From mboxrd@z Thu Jan  1 00:00:00 1970
Received: from eggs.gnu.org ([2001:4830:134:3::10]:48619)
	by lists.gnu.org with esmtp (Exim 4.71)
	(envelope-from <kwolf@redhat.com>) id 1a9vsg-0000sO-8L
	for qemu-devel@nongnu.org; Fri, 18 Dec 2015 09:19:39 -0500
Received: from Debian-exim by eggs.gnu.org with spam-scanned (Exim 4.71)
	(envelope-from <kwolf@redhat.com>) id 1a9vse-0001iF-I3
	for qemu-devel@nongnu.org; Fri, 18 Dec 2015 09:19:38 -0500
Date: Fri, 18 Dec 2015 15:19:25 +0100
From: Kevin Wolf <kwolf@redhat.com>
Message-ID: <20151218141925.GE31910@noname.redhat.com>
References: <20151216062529.GA25889@localhost.localdomain>
MIME-Version: 1.0
Content-Type: text/plain; charset=us-ascii
Content-Disposition: inline
In-Reply-To: <20151216062529.GA25889@localhost.localdomain>
Subject: Re: [Qemu-devel] RFC: Operation Blockers in QEMU Block Nodes
List-Id: <qemu-devel.nongnu.org>
List-Unsubscribe: <https://lists.nongnu.org/mailman/options/qemu-devel>,
	<mailto:qemu-devel-request@nongnu.org?subject=unsubscribe>
List-Archive: <http://lists.nongnu.org/archive/html/qemu-devel>
List-Post: <mailto:qemu-devel@nongnu.org>
List-Help: <mailto:qemu-devel-request@nongnu.org?subject=help>
List-Subscribe: <https://lists.nongnu.org/mailman/listinfo/qemu-devel>,
	<mailto:qemu-devel-request@nongnu.org?subject=subscribe>
To: Jeff Cody <jcody@redhat.com>
Cc: famz@redhat.com, qemu-block@nongnu.org, qemu-devel@nongnu.org, armbru@redhat.com, stefanha@redhat.com, jsnow@redhat.com

Am 16.12.2015 um 07:25 hat Jeff Cody geschrieben:
> Background:
> ------------
> Block jobs, and other QAPI operations, may modify and impact the
> BlockDriverState graph in QEMU.  In order to support multiple
> operations safely, we need a mechanism to block and gate operations,
> 
> We currently have op blockers, that are attached to each BDS.
> However, in practice we check this on the device level, rather than on
> the granularity of the individual BDS.  Also, due to limitations of
> the current system, we only allow a single block job at a time.

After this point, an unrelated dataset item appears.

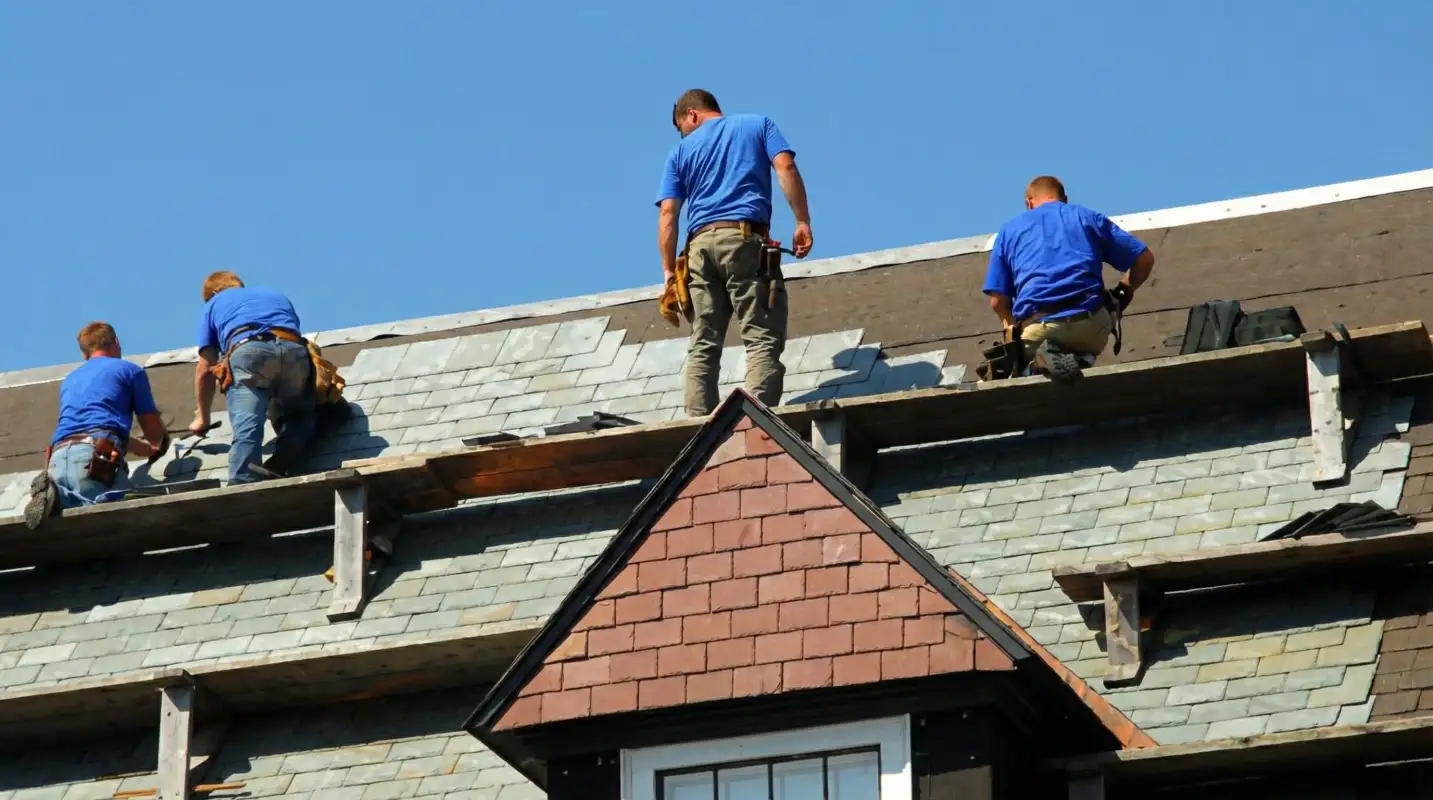 Roof replacement in progress with a team of professional contractors installing new shingles on a residential home in Nashua, NH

As I already said on IRC, I think a really important part in order to
make proper op blockers workable is that we actually enforce that you
have to request permission before you can operate on an image. That is,
if you were to write to an image, but you haven't requested write
permission from the op blocker system before, you'd get an assertion
failure.

The reason for this is that it's a long standing issue of the current
system that it's not only possible, but even easy to forget adding the
blocker code or updating it when the surrounding code changes. The
result is a mechanism that is too restrictive for many cases on the one
hand, but fails to actually provide the protection we need on the other
hand (for example, bs->file is still unprotected).

Blockers are subtle and at the same time pervasive enough that I'm
almost sure we wouldn't implement them correctly if we don't force
ourselves to do it right by letting qemu crash whenever we don't.

> Proposed New Design Features:
> ------------------------------
> This design would supersede the current op blocker system.
> 
> Rather than have the op blockers attached directly to each BDS, Block
> Job access will be done through a separate Node Access Control system.
> 
> This new system will:
> 
>     * Allow / Disallow operations to BDSs, (generally initiated by QAPI
>       actions; i.e. BDS node operations other than guest read/writes)
> 
>     * Not be limited to "block jobs" (e.g. block-commit, block-stream,
>       etc..) - will also apply to other operations, such as
>       blockdev-add, change-backing-file, etc.
> 
>     * Allow granularity in options, and provide the safety needed to
>       support multiple block jobs and operations.
> 
>     * Reference each BDS by its node-name
> 
>     * Be independent of the bdrv_states graph (i.e. does not reside in
>       the BDS structure)

I agree that the BDS structure is probably not the right place (except
possibly for caching the permission bitmasks), but I also wouldn't say
that it should be completely independent structures. Otherwise keeping
things in sync when the graph changes might turn out hard.

At the moment I can see two fundamentally different kinds of operations
that are interesting for op blockers:

1. I/O requests

   We need a place to check I/O requests that knows both the user (and
   the permissions it has acquired) and the node that is accessed.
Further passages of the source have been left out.